--- Record extracts Enclosed Below ---

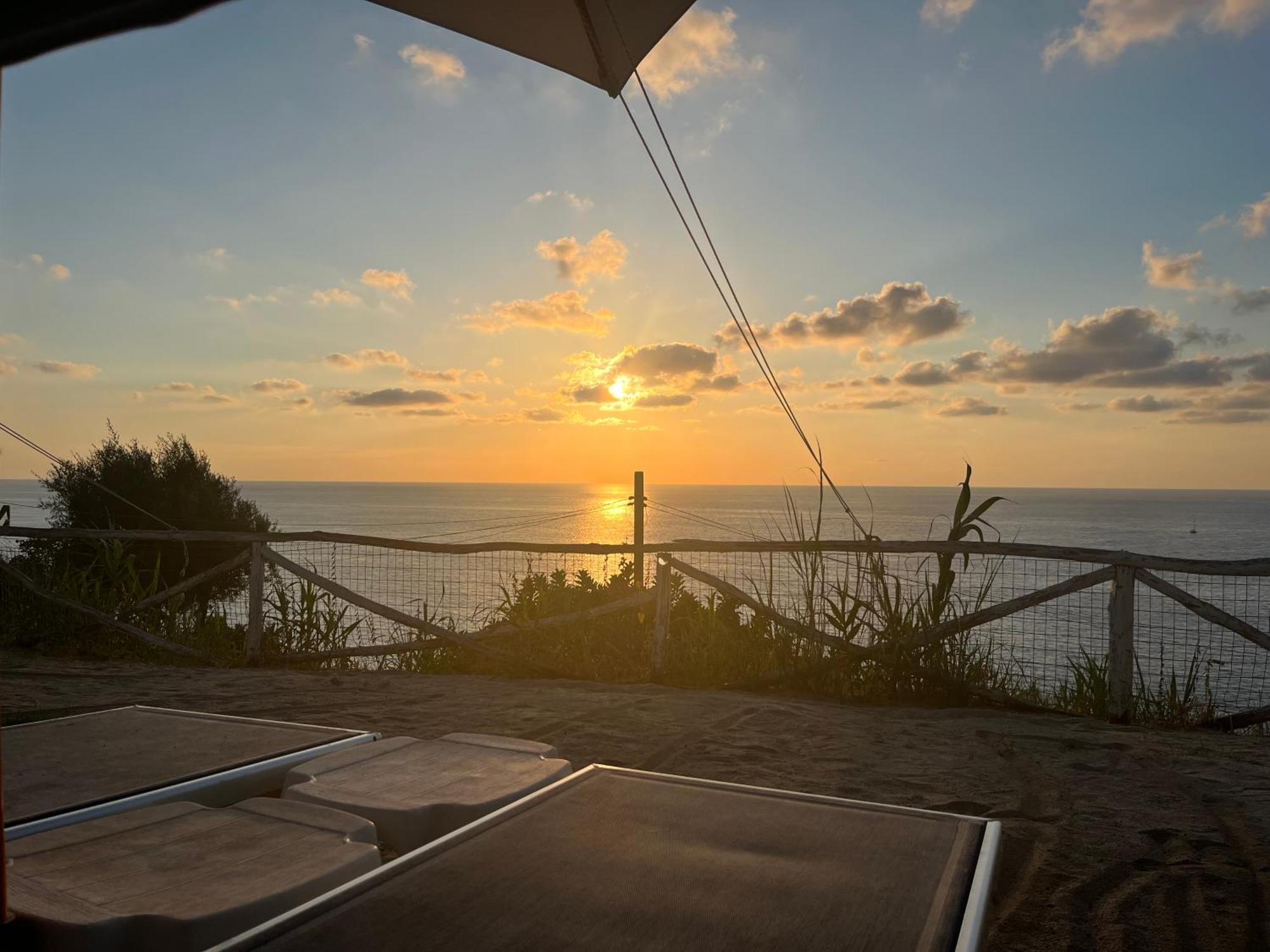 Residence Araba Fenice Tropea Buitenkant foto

--- End of Enclosed Record extracts ---
--- Record extracts Enclosed Below ---

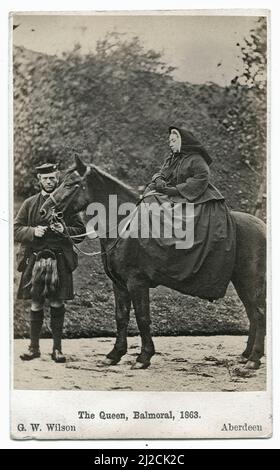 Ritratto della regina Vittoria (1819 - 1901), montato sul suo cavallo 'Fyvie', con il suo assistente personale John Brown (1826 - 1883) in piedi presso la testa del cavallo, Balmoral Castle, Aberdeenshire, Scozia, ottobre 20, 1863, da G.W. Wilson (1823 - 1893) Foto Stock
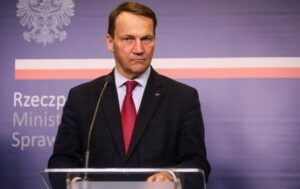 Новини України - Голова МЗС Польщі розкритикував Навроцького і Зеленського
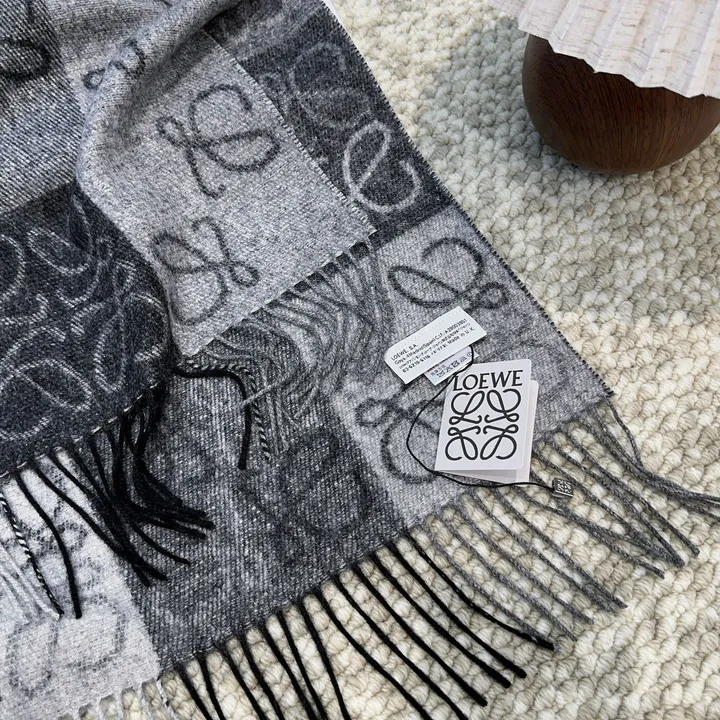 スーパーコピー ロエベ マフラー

--- End of Enclosed Record extracts ---
--- Record extracts Enclosed Below ---

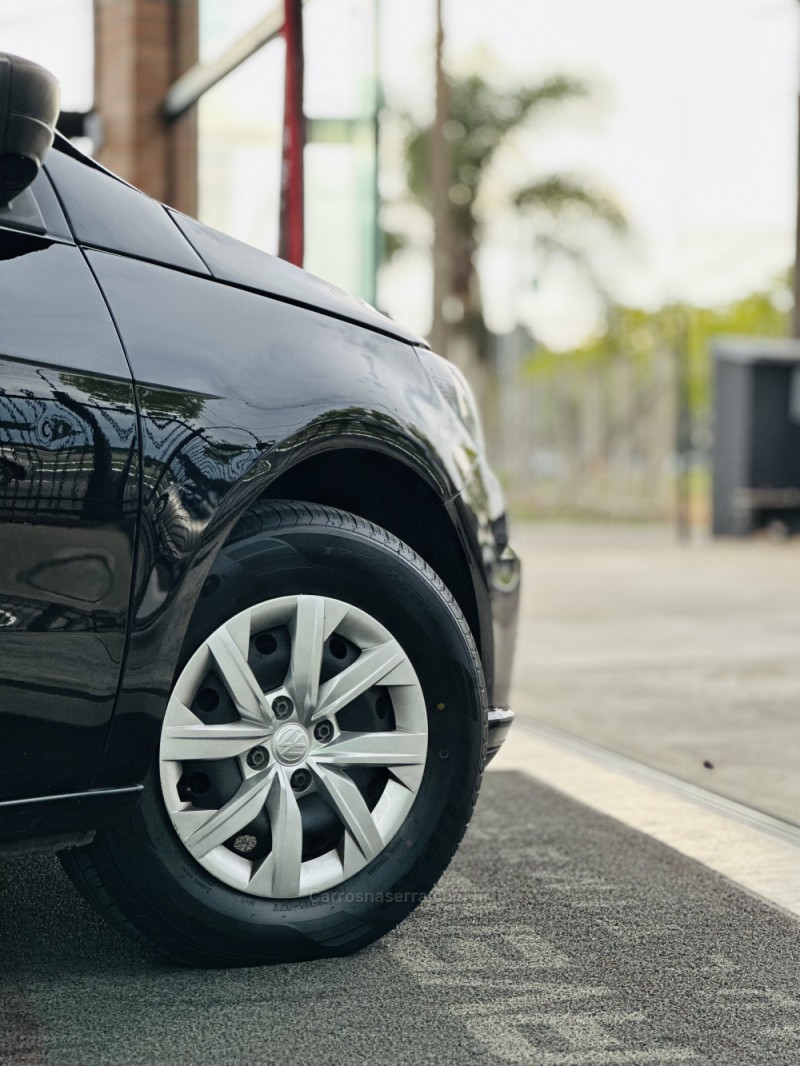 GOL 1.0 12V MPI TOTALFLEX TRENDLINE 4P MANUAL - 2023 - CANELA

--- End of Enclosed Record extracts ---

All lines above from the one containing "Ritratto della regina" up to and including the one containing "スーパーコピー ロエベ マフラー" are to be set down exactly, and nothing else. Leave images out.

*Response area*.
 Ritratto della regina Vittoria (1819 - 1901), montato sul suo cavallo 'Fyvie', con il suo assistente personale John Brown (1826 - 1883) in piedi presso la testa del cavallo, Balmoral Castle, Aberdeenshire, Scozia, ottobre 20, 1863, da G.W. Wilson (1823 - 1893) Foto Stock
 Новини України - Голова МЗС Польщі розкритикував Навроцького і Зеленського
 スーパーコピー ロエベ マフラー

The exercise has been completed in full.